▶ **ASSIGNED TASK**:
Find where "Spyder Women's Hooded" occurs in the data below, and retype that line and every later line exactly.

[Start of section]

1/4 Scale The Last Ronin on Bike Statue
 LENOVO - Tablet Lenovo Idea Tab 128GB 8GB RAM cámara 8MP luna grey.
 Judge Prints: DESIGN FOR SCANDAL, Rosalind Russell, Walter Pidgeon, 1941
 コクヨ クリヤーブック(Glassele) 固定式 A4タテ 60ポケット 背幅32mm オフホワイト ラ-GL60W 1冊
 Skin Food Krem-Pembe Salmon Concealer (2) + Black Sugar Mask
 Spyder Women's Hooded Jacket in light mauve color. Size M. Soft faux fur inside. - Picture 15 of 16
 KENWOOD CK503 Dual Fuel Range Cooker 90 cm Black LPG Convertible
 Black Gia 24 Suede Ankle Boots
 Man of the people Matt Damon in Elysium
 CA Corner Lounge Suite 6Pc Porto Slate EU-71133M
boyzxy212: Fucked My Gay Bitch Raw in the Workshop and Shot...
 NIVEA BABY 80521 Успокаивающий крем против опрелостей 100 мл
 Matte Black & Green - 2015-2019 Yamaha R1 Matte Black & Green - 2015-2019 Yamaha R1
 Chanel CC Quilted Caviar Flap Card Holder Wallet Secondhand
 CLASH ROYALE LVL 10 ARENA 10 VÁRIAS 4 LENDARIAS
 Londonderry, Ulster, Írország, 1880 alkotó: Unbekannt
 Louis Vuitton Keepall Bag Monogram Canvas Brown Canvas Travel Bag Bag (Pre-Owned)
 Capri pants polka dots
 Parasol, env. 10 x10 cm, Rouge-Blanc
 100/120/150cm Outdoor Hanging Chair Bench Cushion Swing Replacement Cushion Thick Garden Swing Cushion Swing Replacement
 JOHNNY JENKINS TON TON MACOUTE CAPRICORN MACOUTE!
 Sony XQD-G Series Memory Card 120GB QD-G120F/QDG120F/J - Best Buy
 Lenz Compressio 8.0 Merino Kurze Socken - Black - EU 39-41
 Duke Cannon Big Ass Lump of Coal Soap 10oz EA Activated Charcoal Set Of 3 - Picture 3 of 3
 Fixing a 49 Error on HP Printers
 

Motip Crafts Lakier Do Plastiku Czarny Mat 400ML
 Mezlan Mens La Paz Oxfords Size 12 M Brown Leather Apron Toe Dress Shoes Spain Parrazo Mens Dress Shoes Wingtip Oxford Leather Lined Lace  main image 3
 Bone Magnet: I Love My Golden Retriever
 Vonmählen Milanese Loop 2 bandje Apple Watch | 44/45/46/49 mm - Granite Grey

[End of section]

▶ **EXERCISE SOLUTION**:
 Spyder Women's Hooded Jacket in light mauve color. Size M. Soft faux fur inside. - Picture 15 of 16
 KENWOOD CK503 Dual Fuel Range Cooker 90 cm Black LPG Convertible
 Black Gia 24 Suede Ankle Boots
 Man of the people Matt Damon in Elysium
 CA Corner Lounge Suite 6Pc Porto Slate EU-71133M
boyzxy212: Fucked My Gay Bitch Raw in the Workshop and Shot...
 NIVEA BABY 80521 Успокаивающий крем против опрелостей 100 мл
 Matte Black & Green - 2015-2019 Yamaha R1 Matte Black & Green - 2015-2019 Yamaha R1
 Chanel CC Quilted Caviar Flap Card Holder Wallet Secondhand
 CLASH ROYALE LVL 10 ARENA 10 VÁRIAS 4 LENDARIAS
 Londonderry, Ulster, Írország, 1880 alkotó: Unbekannt
 Louis Vuitton Keepall Bag Monogram Canvas Brown Canvas Travel Bag Bag (Pre-Owned)
 Capri pants polka dots
 Parasol, env. 10 x10 cm, Rouge-Blanc
 100/120/150cm Outdoor Hanging Chair Bench Cushion Swing Replacement Cushion Thick Garden Swing Cushion Swing Replacement
 JOHNNY JENKINS TON TON MACOUTE CAPRICORN MACOUTE!
 Sony XQD-G Series Memory Card 120GB QD-G120F/QDG120F/J - Best Buy
 Lenz Compressio 8.0 Merino Kurze Socken - Black - EU 39-41
 Duke Cannon Big Ass Lump of Coal Soap 10oz EA Activated Charcoal Set Of 3 - Picture 3 of 3
 Fixing a 49 Error on HP Printers
 

Motip Crafts Lakier Do Plastiku Czarny Mat 400ML
 Mezlan Mens La Paz Oxfords Size 12 M Brown Leather Apron Toe Dress Shoes Spain Parrazo Mens Dress Shoes Wingtip Oxford Leather Lined Lace  main image 3
 Bone Magnet: I Love My Golden Retriever
 Vonmählen Milanese Loop 2 bandje Apple Watch | 44/45/46/49 mm - Granite Grey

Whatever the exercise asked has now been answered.